The nascent trend, from college campuses to primary school classrooms, has been framed as a prizefight that pits the quantitative against the qualitative, science against the study of the human experience. And in the age of unprecedented technological innovation, enduring economic stagnation for the middle class and the commodification of increasingly expensive higher education, lucrative STEM degrees appear to have all but won the fight.

Even the liberal arts-championing Ivy League institutions have endured 20 percent declines in humanities departments over the past decade. It’s math that even English majors understand well: The great American novel no longer has the same draw as the novel American start-up.

Skills conferred to students of the humanities — writing, listening, conversing, disagreeing, appreciating the past, speculating for the future — are empirically less profitable than those of STEM students. But they’re certainly no less significant.

In general, practical objectives define the American obsession with STEM. Most fundamentally, science answers questions, using the tried-and-true process of investigation and discovery. Students perennially complain that the humanities seem to offer comparatively fewer resolutions, endlessly circling back to the same existential queries left to us by Locke, Plato and Rawls. But the gift of the humanities is not in the answers they provide, but in the questions they provoke. You cannot begin the process of scientific inquiry without lessons from the humanities.

All scientific aspirations begin with the recognition of a need for an answer to a question. But first we must decide which questions are worth asking — by asking certain questions, other questions necessarily must go unanswered. The very act of asking a question is an inherently moral one, based on the social utility humans believe an answer might realize.

It follows that the questions we care about reflect our priorities and values. Look at a modern example: global warming. Most people hold an uncontroversial belief that present generations have both a practical and ethical obligation to protect the planet. For the past 30 years, the overwhelming body of data has demonstrated the inconvenient truth that, due to man-made activity, the planet is heating at a perniciously fast rate. Science has delivered a preponderance of the evidence, but so what? Data itself doesn’t convince a zealous minority of the crisis or silence the entrenched opposition.

It takes pathos to persuade people that the facts uncovered by science contain something meaningful, that the questions underlying the discoveries are consequential. It takes skills that require a deep-seated understanding of cultural nuance and psychological and sociological factors.

Here lies an important distinction: Those who refuse to believe in science aren’t merely disputing the evidence; they’re objecting to the premise.

After all, scientists can spend their careers addressing any infinite number of issues. But that they choose a single question to answer reveals that we, as a people, place some value in that answer. Beyond our perceived sacrosanct mores, the underlying motivations and assumptions that buoy research become hard pills to swallow for those whose basic worldviews remain incompatible with rationalism.

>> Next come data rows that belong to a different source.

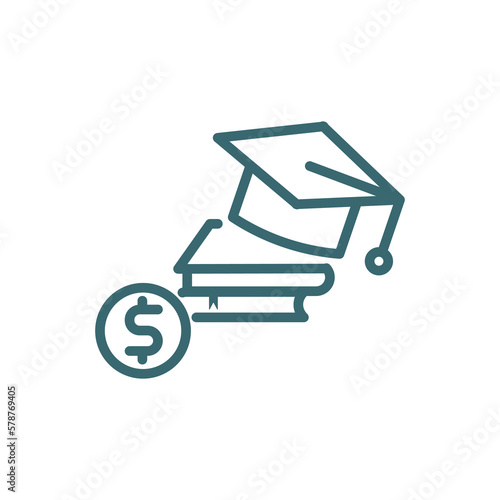 scholarship icon. Thin line scholarship icon from distance learning collection. Outline vector isolated on white background. Editable scholarship symbol can be used web and mobile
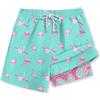 BesserBay Costume da bagno estivo per ragazzi con tasche a compressione, UPF 50+, costume da bagno 120-160, turchese rosa fenicottero, 150 cm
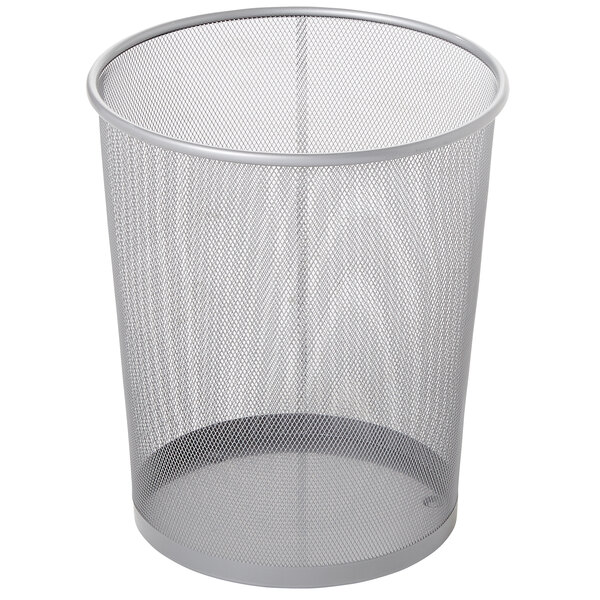 A close-up of a Rubbermaid silver mesh steel wastebasket.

Science is the meadow of rationality. To shepherd all skeptics into the pasture, to convince them to buy into the premises of science, we need language, persuasion and an appeal to non-rational factors — in short, an essential understanding of the human state.

Enter the humanities. Its lessons represent the bridge between two ostensibly disparate worlds, the rational sciences and the waveringly irrational human mind. Without a deep appreciation for the values and priorities of a society, science is a compass without labels. Though the scientific method is the best tool we’ve yet agreed upon for unearthing truth, it wouldn’t function without astute questions directing its labors and a populace willing to accept and act on its findings.

Science works with our sense of humanity, not against it.

And, whether we admit it or not, the questions asked reflect our priorities and values as a people. These priorities and values, determined by ongoing interrogation and discourse, are the core of the humanities.